Look below for the line that has "Pros and Cons to Outdoor Pergolas". Set down the lines from there through the line that has "Nhà Hẻm Đ.Lạc", exactly as written.

*** Opening of Data supplied ***

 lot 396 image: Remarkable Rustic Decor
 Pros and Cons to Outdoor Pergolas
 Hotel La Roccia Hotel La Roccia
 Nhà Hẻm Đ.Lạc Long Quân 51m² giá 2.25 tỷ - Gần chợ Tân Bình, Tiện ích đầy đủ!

*** Close of Data supplied ***
*** Opening of Data supplied ***

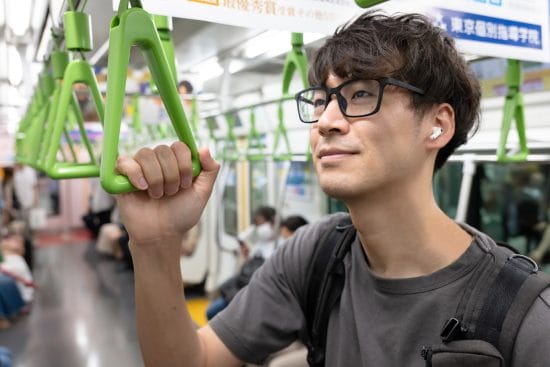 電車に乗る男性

*** Close of Data supplied ***

# Problem solution:
 Pros and Cons to Outdoor Pergolas
 Hotel La Roccia Hotel La Roccia
 Nhà Hẻm Đ.Lạc Long Quân 51m² giá 2.25 tỷ - Gần chợ Tân Bình, Tiện ích đầy đủ!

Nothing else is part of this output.